Beachwalk has exotic familiarity

By Lee Cataluna
Advertiser Columnist

American tourists like things that are familiar.

There's always a line to get into TGI Friday's in Times Square. Wal-Mart sells regional souvenirs in every store. So many people come home from China with stories about how happy they were to find McDonald's in Beijing after suffering through Chinese food that didn't taste like the Chinese food you get in America.

American tourists are going to like the new Waikiki Beachwalk.

The new development along Lewers Street is all familiar American brand names with just splashes of tropical exotica, the type of which will make Bob and Edna from Sunnydale comfortable on their vacation.

The Denny's is still there on the makai end, and there's a Yardhouse, Ruth's Chris, Jamba Juice and Starbucks going in. A mai tai might be "traditional" (as the Waikiki Beachwalk marketing material puts it), but why take a chance on something strange upsetting your tummy when you can have your usual?

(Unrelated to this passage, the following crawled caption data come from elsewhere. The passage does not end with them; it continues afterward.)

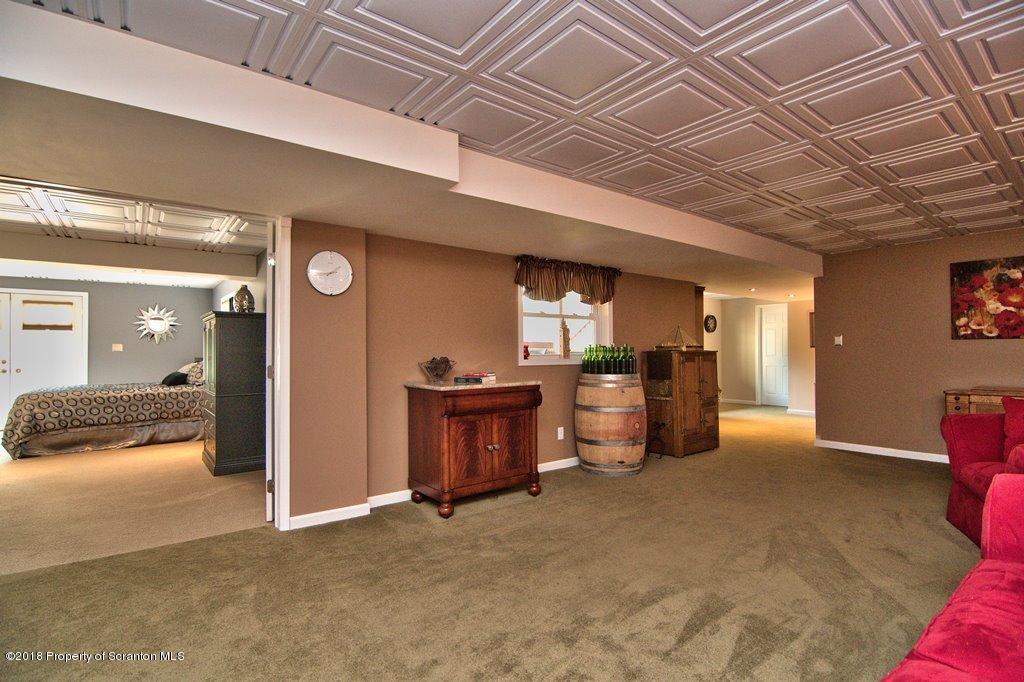 52 Laurel Road Moscow, PA 18444 - Photo 48 of 73 Gallery Image 48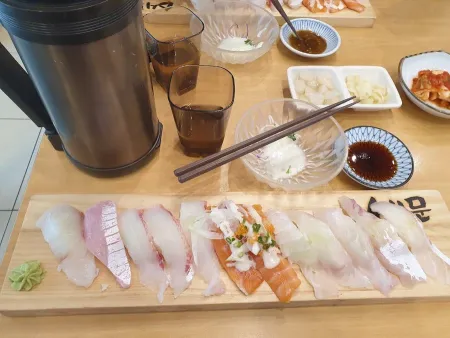 Sushi Moon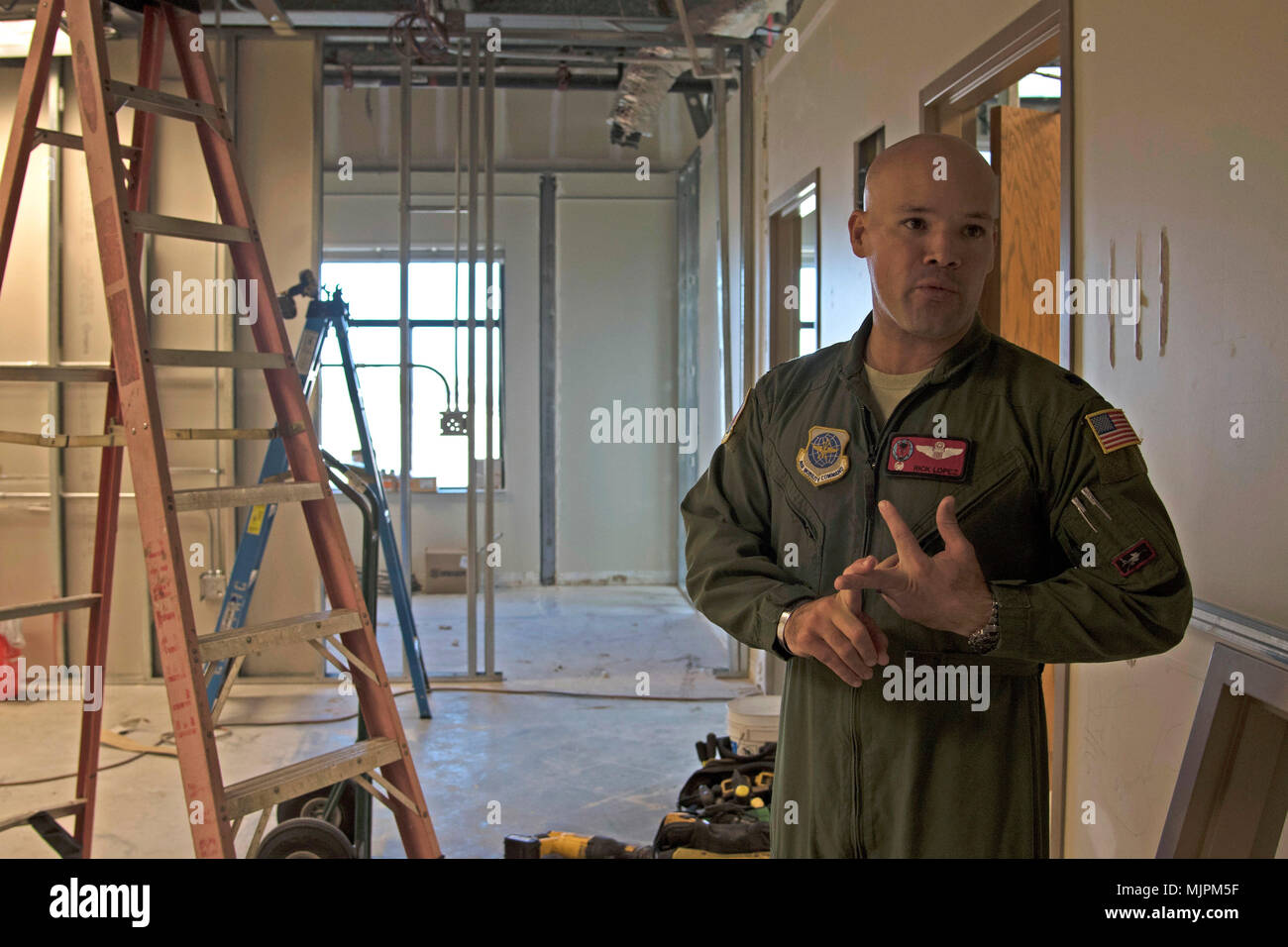 Le Lieutenant-colonel de l'US Air Force Ricardo Lopez, commandant du 50e Escadron de ravitaillement en vol (EI), donne un tour de l'avenir du centre de travail de la 50e ARS aviateurs à MacDill Air Force Base, en Floride, le 19 décembre 2017. Aviateurs de la 50e et 91e ARS travaillent main dans la main pour assurer l'état de préparation à la mission, les deux escadrons. Une fois que tous les membres du 50e recevoir leur formation indispensable, la seule chose qui va changer avec cette dynamique, c'est que chaque escadron sera responsable de ses tâches administratives. (U.S. Air Force photo par un membre de la 1re classe Ashley perdue) Banque D'Images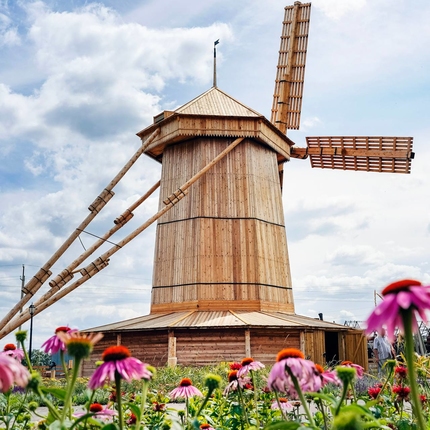 Мельница в Бариновке: погружение в XIX век, местные булочки и лабиринт из сена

There are enough touches of what the tourist industry likes to call a "Hawaiian sense of place" to give it an exotic feel. It's not a sense of place like, say, Ma'ili or Kalaheo, but it's better than the dark, brooding concrete canyon that was there before this redesign.

In one of several interior accents shops along the new beachwalk, you can buy a bag of fake seaweed for $7.50. Perfect for decorating your bathroom in a "beach oasis" theme, and best of all, it doesn't smell fishy like the real stuff.

Another store offers a puka shell necklace for $95 (but this is hand-strung and the shells are graduated in size and kind of rough, like they were actually picked from a beach — not like the perfect white button-looking kind mass produced in the Philippines).

There are shops offering koa and milo items made in Hawai'i, but it's more a "world market" than anything else. A tourist walking out of a gallery of work by an Australian photographer tells her husband, "My favorite is the shot of the Grand Canyon."

Hovering over all of this are curved awnings that the Web site describes as glass canopies inspired by the movement of the ocean and the 'iako and ama of canoes. In years to come, these will look dated, but for now they go along thematically with the intermittently spouting fountain — another architectural feature that says "2000s."

There are shopping promenades exactly like this in places like Boulder and Palm Springs. That's what Americans want on vacation — to go someplace new but feel like they never left home.